Directions: Below are the records; copy exactly the stretch from the line containing "Hydee Burgundy Satin Skirt" through the line containing "BNWT Frugi Baby", both ends included, and nothing else.

Material supplied:
—————

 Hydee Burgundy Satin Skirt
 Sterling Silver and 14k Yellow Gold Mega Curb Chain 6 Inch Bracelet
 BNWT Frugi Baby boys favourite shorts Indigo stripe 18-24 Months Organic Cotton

—————

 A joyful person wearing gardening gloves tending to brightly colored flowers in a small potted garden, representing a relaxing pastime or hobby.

—————

Task output:
 Hydee Burgundy Satin Skirt
 Sterling Silver and 14k Yellow Gold Mega Curb Chain 6 Inch Bracelet
 BNWT Frugi Baby boys favourite shorts Indigo stripe 18-24 Months Organic Cotton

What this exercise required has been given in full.